Please return the material exactly; leave no entry out.

** Entries supplied follows **

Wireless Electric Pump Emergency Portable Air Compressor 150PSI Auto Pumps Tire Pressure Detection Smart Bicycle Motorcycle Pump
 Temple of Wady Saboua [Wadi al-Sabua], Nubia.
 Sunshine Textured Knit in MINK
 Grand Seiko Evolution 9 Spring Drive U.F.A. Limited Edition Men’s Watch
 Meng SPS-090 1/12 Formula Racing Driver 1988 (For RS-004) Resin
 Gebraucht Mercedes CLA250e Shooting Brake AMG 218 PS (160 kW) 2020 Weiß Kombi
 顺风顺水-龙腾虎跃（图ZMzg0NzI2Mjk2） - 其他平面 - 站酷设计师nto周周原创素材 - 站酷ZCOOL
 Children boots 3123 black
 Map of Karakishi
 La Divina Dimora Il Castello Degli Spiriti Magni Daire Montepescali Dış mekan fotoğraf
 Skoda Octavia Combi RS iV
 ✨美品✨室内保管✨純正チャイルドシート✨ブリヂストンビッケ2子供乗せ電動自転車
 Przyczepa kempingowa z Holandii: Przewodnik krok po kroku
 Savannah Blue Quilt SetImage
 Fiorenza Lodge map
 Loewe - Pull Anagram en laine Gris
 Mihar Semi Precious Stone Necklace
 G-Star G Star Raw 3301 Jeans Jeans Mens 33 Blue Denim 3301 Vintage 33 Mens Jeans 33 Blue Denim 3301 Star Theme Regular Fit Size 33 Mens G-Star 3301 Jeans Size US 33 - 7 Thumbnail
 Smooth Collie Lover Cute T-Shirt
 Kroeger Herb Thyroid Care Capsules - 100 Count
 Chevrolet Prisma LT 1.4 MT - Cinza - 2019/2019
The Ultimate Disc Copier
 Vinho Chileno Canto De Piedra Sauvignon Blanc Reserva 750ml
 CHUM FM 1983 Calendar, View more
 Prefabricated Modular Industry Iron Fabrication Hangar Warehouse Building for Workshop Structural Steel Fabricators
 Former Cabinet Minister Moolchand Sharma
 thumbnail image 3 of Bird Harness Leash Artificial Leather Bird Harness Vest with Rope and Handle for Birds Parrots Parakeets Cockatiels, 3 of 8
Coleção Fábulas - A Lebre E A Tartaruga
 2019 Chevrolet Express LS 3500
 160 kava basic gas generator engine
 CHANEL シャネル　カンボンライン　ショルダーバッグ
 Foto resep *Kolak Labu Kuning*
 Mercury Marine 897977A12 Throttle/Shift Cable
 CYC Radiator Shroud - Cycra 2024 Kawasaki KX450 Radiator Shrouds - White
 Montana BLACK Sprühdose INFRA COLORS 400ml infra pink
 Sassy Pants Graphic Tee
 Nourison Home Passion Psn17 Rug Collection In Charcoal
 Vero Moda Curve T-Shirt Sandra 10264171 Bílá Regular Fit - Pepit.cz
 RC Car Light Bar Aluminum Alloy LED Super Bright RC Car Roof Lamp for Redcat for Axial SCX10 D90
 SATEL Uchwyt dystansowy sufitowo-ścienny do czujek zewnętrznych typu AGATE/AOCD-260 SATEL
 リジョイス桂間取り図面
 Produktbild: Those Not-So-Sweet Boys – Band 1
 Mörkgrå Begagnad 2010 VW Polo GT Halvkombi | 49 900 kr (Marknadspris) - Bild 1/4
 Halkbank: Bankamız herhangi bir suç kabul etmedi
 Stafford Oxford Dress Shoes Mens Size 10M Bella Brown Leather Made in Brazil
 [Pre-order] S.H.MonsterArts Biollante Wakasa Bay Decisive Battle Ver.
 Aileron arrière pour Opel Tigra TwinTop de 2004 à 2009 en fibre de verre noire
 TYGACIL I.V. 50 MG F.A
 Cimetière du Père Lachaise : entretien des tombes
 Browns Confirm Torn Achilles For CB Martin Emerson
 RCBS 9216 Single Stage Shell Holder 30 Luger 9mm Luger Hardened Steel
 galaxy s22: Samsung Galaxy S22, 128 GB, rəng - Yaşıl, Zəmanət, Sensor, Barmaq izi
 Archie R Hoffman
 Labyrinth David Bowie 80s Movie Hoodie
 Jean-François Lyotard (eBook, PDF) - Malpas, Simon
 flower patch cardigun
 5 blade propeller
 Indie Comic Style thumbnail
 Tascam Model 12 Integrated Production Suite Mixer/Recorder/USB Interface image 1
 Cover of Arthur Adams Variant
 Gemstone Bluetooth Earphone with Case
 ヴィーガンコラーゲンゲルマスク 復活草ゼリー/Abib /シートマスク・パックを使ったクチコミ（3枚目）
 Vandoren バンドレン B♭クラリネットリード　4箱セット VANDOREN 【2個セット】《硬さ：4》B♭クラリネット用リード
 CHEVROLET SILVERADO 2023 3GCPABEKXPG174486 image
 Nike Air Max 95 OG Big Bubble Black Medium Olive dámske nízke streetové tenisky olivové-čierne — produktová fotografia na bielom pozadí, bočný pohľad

** End of Entries supplied **

Result for this exercise
Wireless Electric Pump Emergency Portable Air Compressor 150PSI Auto Pumps Tire Pressure Detection Smart Bicycle Motorcycle Pump
 Temple of Wady Saboua [Wadi al-Sabua], Nubia.
 Sunshine Textured Knit in MINK
 Grand Seiko Evolution 9 Spring Drive U.F.A. Limited Edition Men’s Watch
 Meng SPS-090 1/12 Formula Racing Driver 1988 (For RS-004) Resin
 Gebraucht Mercedes CLA250e Shooting Brake AMG 218 PS (160 kW) 2020 Weiß Kombi
 顺风顺水-龙腾虎跃（图ZMzg0NzI2Mjk2） - 其他平面 - 站酷设计师nto周周原创素材 - 站酷ZCOOL
 Children boots 3123 black
 Map of Karakishi
 La Divina Dimora Il Castello Degli Spiriti Magni Daire Montepescali Dış mekan fotoğraf
 Skoda Octavia Combi RS iV
 ✨美品✨室内保管✨純正チャイルドシート✨ブリヂストンビッケ2子供乗せ電動自転車
 Przyczepa kempingowa z Holandii: Przewodnik krok po kroku
 Savannah Blue Quilt SetImage
 Fiorenza Lodge map
 Loewe - Pull Anagram en laine Gris
 Mihar Semi Precious Stone Necklace
 G-Star G Star Raw 3301 Jeans Jeans Mens 33 Blue Denim 3301 Vintage 33 Mens Jeans 33 Blue Denim 3301 Star Theme Regular Fit Size 33 Mens G-Star 3301 Jeans Size US 33 - 7 Thumbnail
 Smooth Collie Lover Cute T-Shirt
 Kroeger Herb Thyroid Care Capsules - 100 Count
 Chevrolet Prisma LT 1.4 MT - Cinza - 2019/2019
The Ultimate Disc Copier
 Vinho Chileno Canto De Piedra Sauvignon Blanc Reserva 750ml
 CHUM FM 1983 Calendar, View more
 Prefabricated Modular Industry Iron Fabrication Hangar Warehouse Building for Workshop Structural Steel Fabricators
 Former Cabinet Minister Moolchand Sharma
 thumbnail image 3 of Bird Harness Leash Artificial Leather Bird Harness Vest with Rope and Handle for Birds Parrots Parakeets Cockatiels, 3 of 8
Coleção Fábulas - A Lebre E A Tartaruga
 2019 Chevrolet Express LS 3500
 160 kava basic gas generator engine
 CHANEL シャネル　カンボンライン　ショルダーバッグ
 Foto resep *Kolak Labu Kuning*
 Mercury Marine 897977A12 Throttle/Shift Cable
 CYC Radiator Shroud - Cycra 2024 Kawasaki KX450 Radiator Shrouds - White
 Montana BLACK Sprühdose INFRA COLORS 400ml infra pink
 Sassy Pants Graphic Tee
 Nourison Home Passion Psn17 Rug Collection In Charcoal
 Vero Moda Curve T-Shirt Sandra 10264171 Bílá Regular Fit - Pepit.cz
 RC Car Light Bar Aluminum Alloy LED Super Bright RC Car Roof Lamp for Redcat for Axial SCX10 D90
 SATEL Uchwyt dystansowy sufitowo-ścienny do czujek zewnętrznych typu AGATE/AOCD-260 SATEL
 リジョイス桂間取り図面
 Produktbild: Those Not-So-Sweet Boys – Band 1
 Mörkgrå Begagnad 2010 VW Polo GT Halvkombi | 49 900 kr (Marknadspris) - Bild 1/4
 Halkbank: Bankamız herhangi bir suç kabul etmedi
 Stafford Oxford Dress Shoes Mens Size 10M Bella Brown Leather Made in Brazil
 [Pre-order] S.H.MonsterArts Biollante Wakasa Bay Decisive Battle Ver.
 Aileron arrière pour Opel Tigra TwinTop de 2004 à 2009 en fibre de verre noire
 TYGACIL I.V. 50 MG F.A
 Cimetière du Père Lachaise : entretien des tombes
 Browns Confirm Torn Achilles For CB Martin Emerson
 RCBS 9216 Single Stage Shell Holder 30 Luger 9mm Luger Hardened Steel
 galaxy s22: Samsung Galaxy S22, 128 GB, rəng - Yaşıl, Zəmanət, Sensor, Barmaq izi
 Archie R Hoffman
 Labyrinth David Bowie 80s Movie Hoodie
 Jean-François Lyotard (eBook, PDF) - Malpas, Simon
 flower patch cardigun
 5 blade propeller
 Indie Comic Style thumbnail
 Tascam Model 12 Integrated Production Suite Mixer/Recorder/USB Interface image 1
 Cover of Arthur Adams Variant
 Gemstone Bluetooth Earphone with Case
 ヴィーガンコラーゲンゲルマスク 復活草ゼリー/Abib /シートマスク・パックを使ったクチコミ（3枚目）
 Vandoren バンドレン B♭クラリネットリード　4箱セット VANDOREN 【2個セット】《硬さ：4》B♭クラリネット用リード
 CHEVROLET SILVERADO 2023 3GCPABEKXPG174486 image
 Nike Air Max 95 OG Big Bubble Black Medium Olive dámske nízke streetové tenisky olivové-čierne — produktová fotografia na bielom pozadí, bočný pohľad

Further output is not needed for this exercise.